|
<< Click to Display Table of Contents >> AC ohmic loss from inverter to injection point |
  
|
|
<< Click to Display Table of Contents >> AC ohmic loss from inverter to injection point |
|
General
The basic parameter defining the wiring losses is always the Resistance of the circuit.
For the AC circuit, this is defined by the wire length, the section and the metal. The wire length corresponds here to the distance between devices, i.e. the length of one wire per phase. The cross section is also for one wire per phase.
Almost all installations will have 3 wires (triphased). For very little monophased installations, there will be only 2 wires on the distance between the inverter and the injection point.

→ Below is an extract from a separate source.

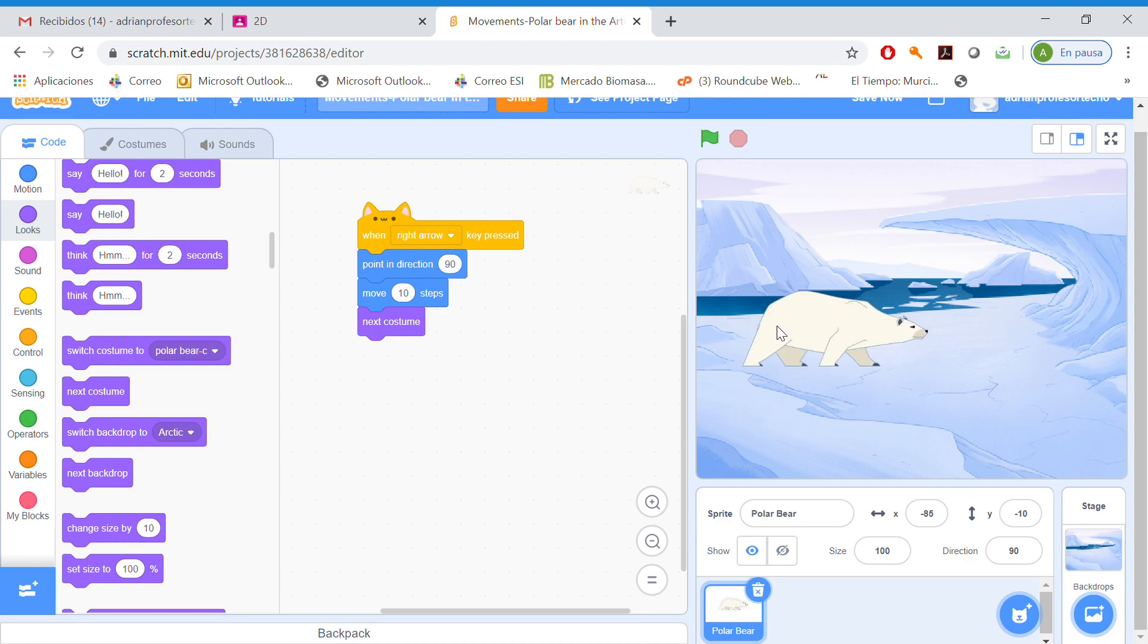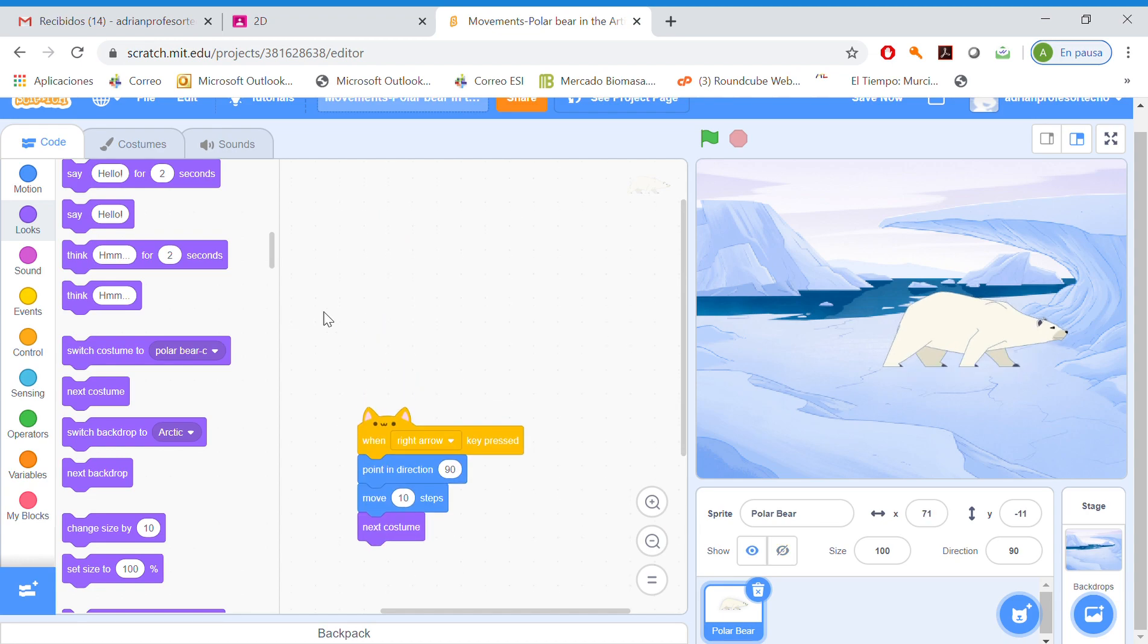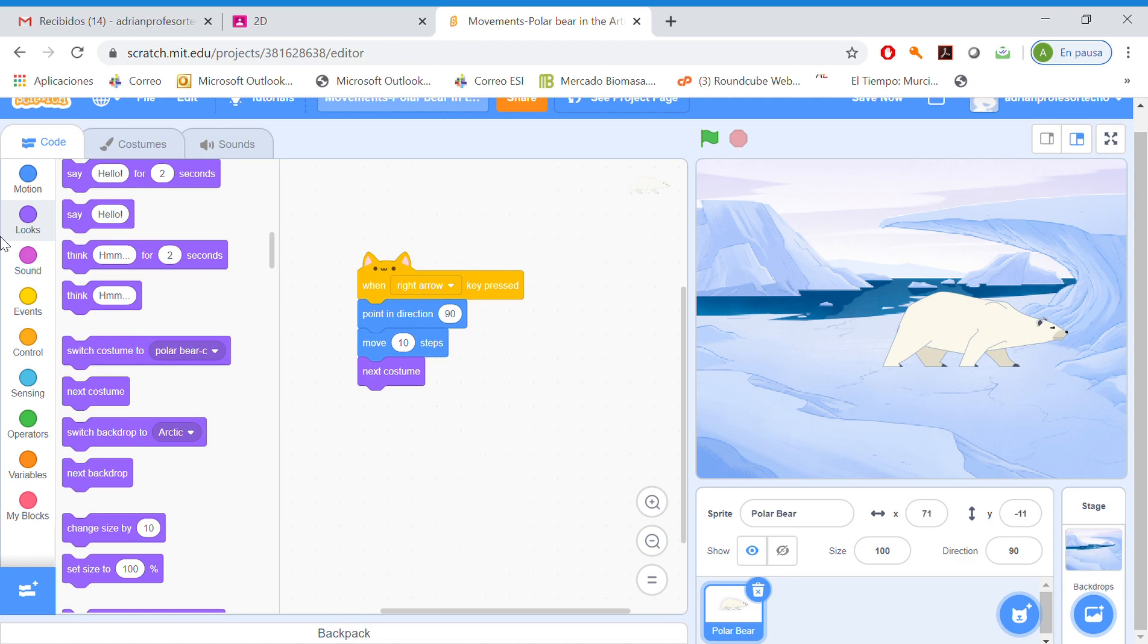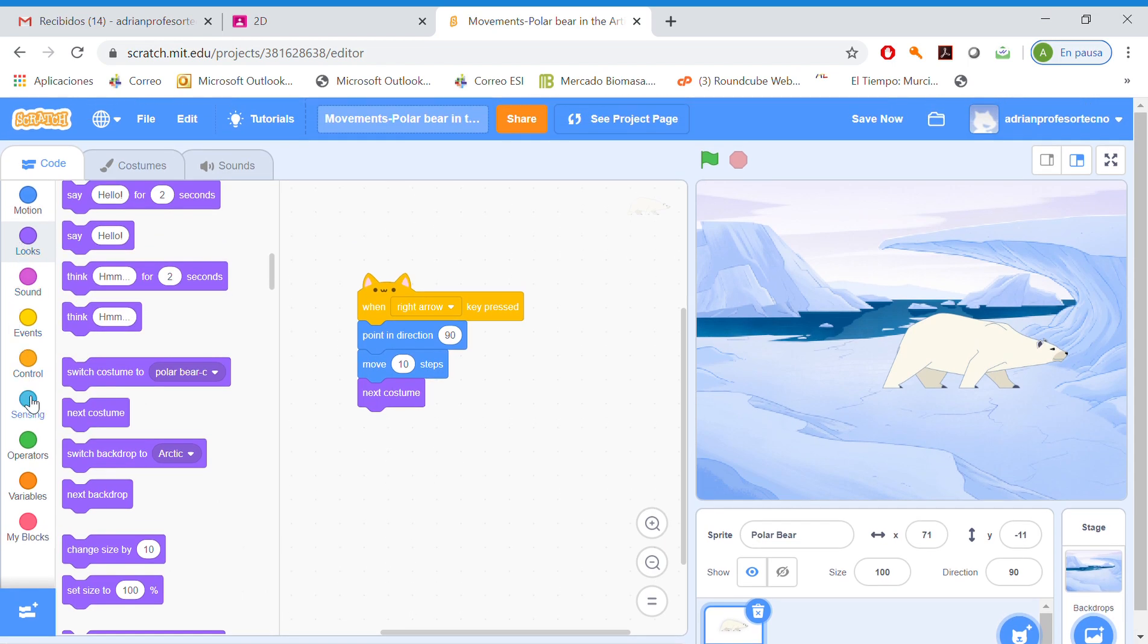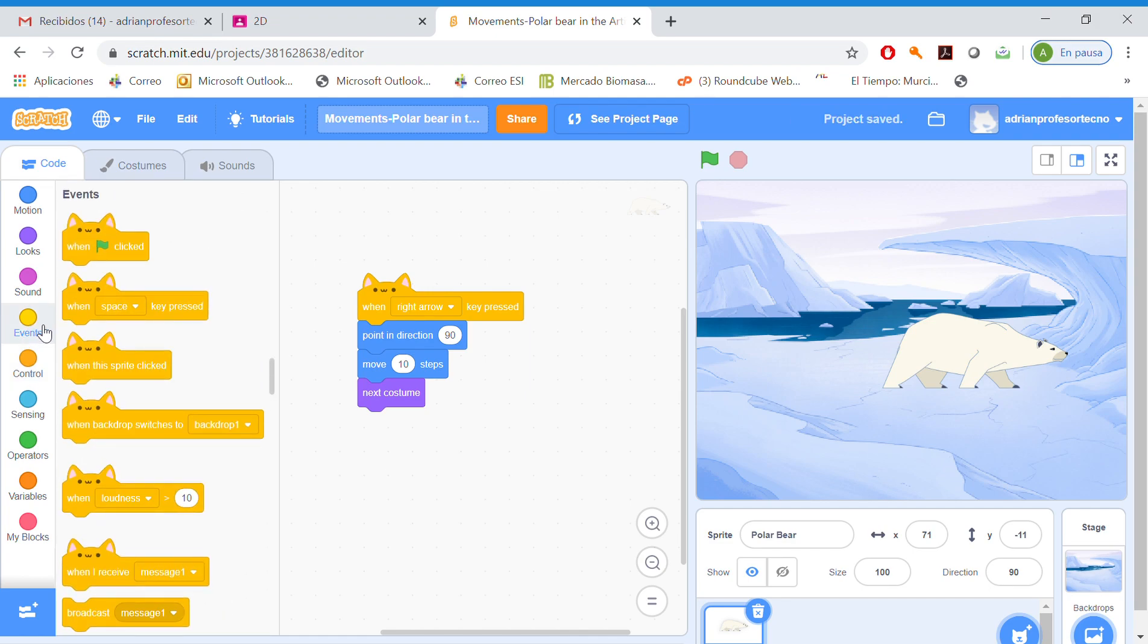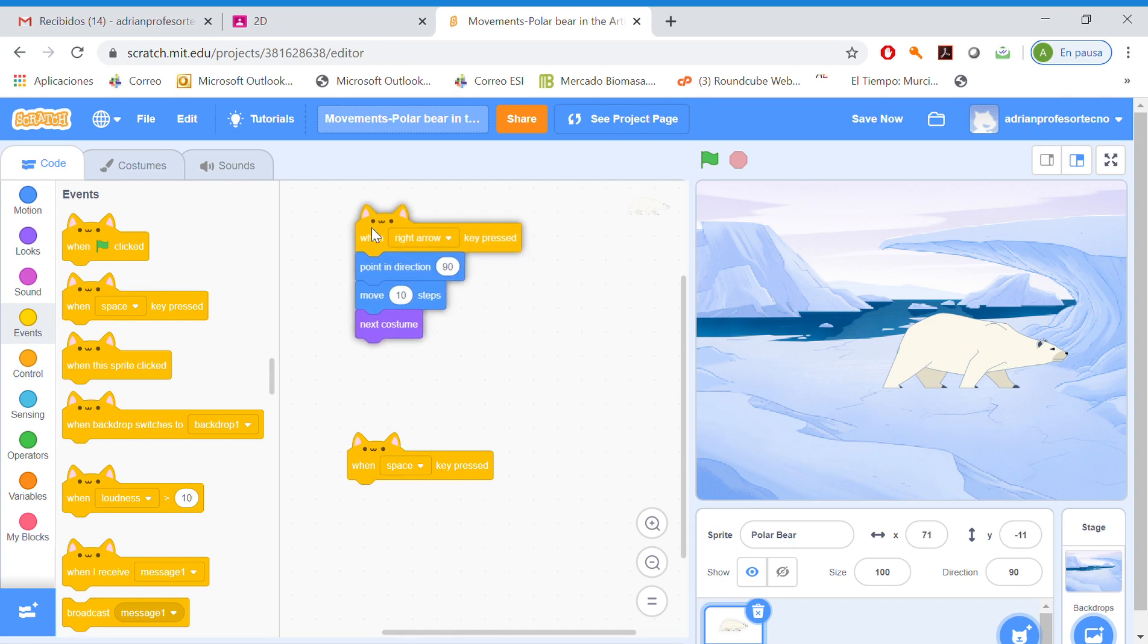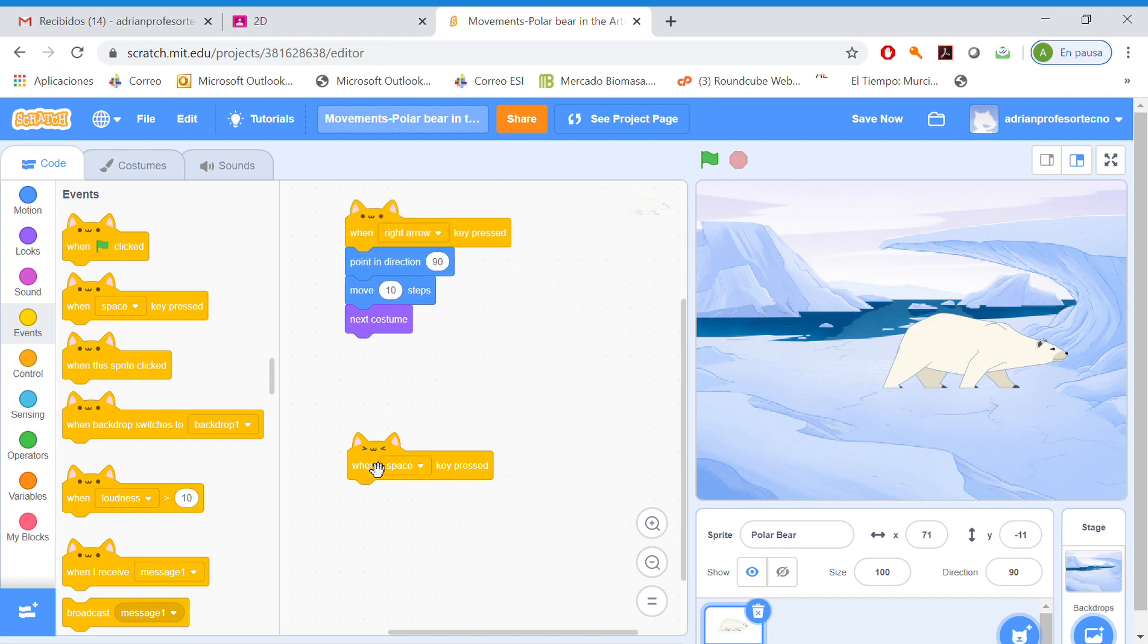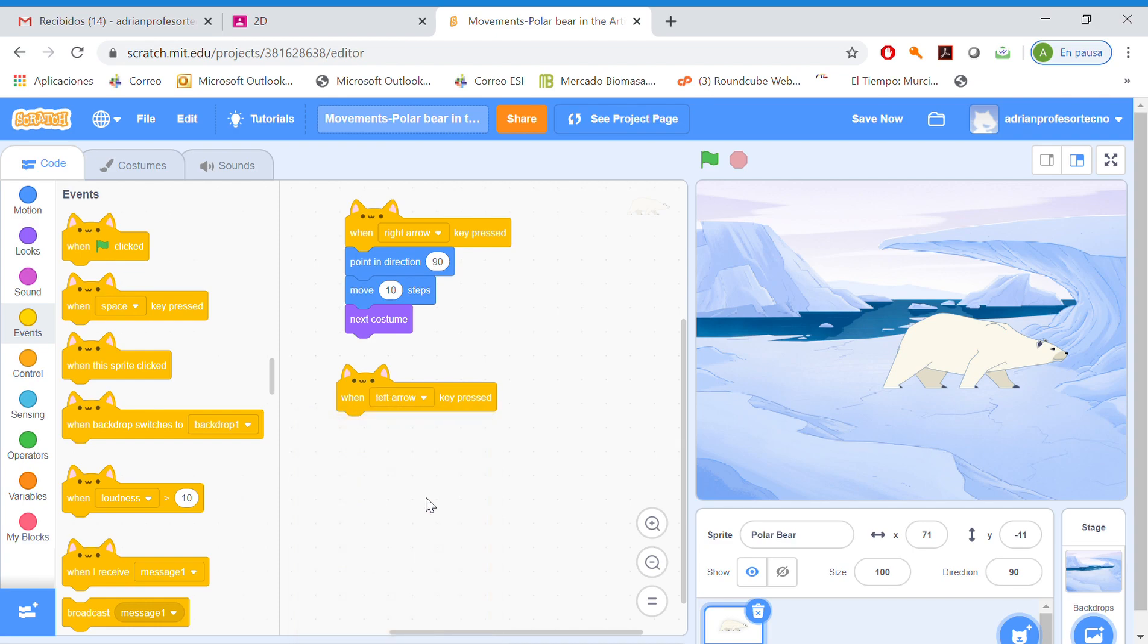Now we want our polar bear to move when we click the left arrow. It's going to be so similar. So let's go to the control coding. Events. When left arrow key is pressed.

During the simulation, the wiring loss is calculated at each hour, as Pwloss = Rw * I².
The nominal loss fraction is defined as the ratio of the ohmic loss [kW] to a reference power, which may be either PNomPV(ac) or PNom(Inv), depending on your choice.
Remember that due to the quadratic behavior of the loss with respect to the current (or power) the loss fraction [%] is proportional to the power (or current): at half the power the loss fraction [%] will be half:
LossFrac [%] = Rw * I² / P = Rw * I² / (U * I) = Rw * I / U.
Therefore the only way to evaluate the loss fraction along the simulation is to accumulate the specific Power loss at each hour, and finally divide it by the total energy. Usually the yearly loss fraction is around 60% of the nominal Loss fraction at STC, depending namely on the meteo.
The loss fraction is not a basic parameter: it is only a convenient way of pre-defining a reasonable value of the wiring resistance, independently on the circuit power.
Injection point
The injection point is the interface between your PV plant and the grid. It is where the energy E_Grid is effectively counted for determining the sold energy financial value.
Inverter output
The AC wiring losses may simply be defined by the distance between the inverter output and the injection point (or an eventual MV transformer), and the wire section.
The program will determine the minimum section of the wires, and only propose suitable sections if you want to increase it.
Inversely you can also specify a loss fraction (at STC or PNom), and according to the chosen wire section, the corresponding wire length will appear, as well as the voltage drop for the reference power..
If several sub-arrays are defined, this AC loss may either be defined separately for each inverter (realistic wires), or globally for the whole system (virtual sum of wire sections).
With MV transformer(s): Medium Voltage line
In the same way, if you define one or several external transformer(s) you can define the properties of the MV line up to the injection point (or an eventual HV Transformer). This requires of course to also define the MV line voltage.
If there are several MV transformers, this will define the line at the output of each transformer. If the MV transformers are defined globally for the system, you should define an average length between all circuits.
With HV transformer(s): High Voltage line
Finally for very big systems, you may define a HV transformer for feeding HV grid line (> 100 kV).
Again, you have to define the grid High Voltage and the length of the line up to the injection point.
Securities with weak (remote) grids
Please note that the sizing of the cables up to the injection point may be very important when the grid is "weak" (remote grid in country regions).
When injecting power into the grid, the grid voltage will increase due to line impedance. Your inverter is equipped with a safety device, which should cut the production when exceeding a given maximum voltage. Therefore you are advised to minimize the voltage drop within your installation, at least in the parts where you have the possibility of doing this. You cannot act on the grid voltage increase due to power at the injection point: this is the responsibility of the grid manager.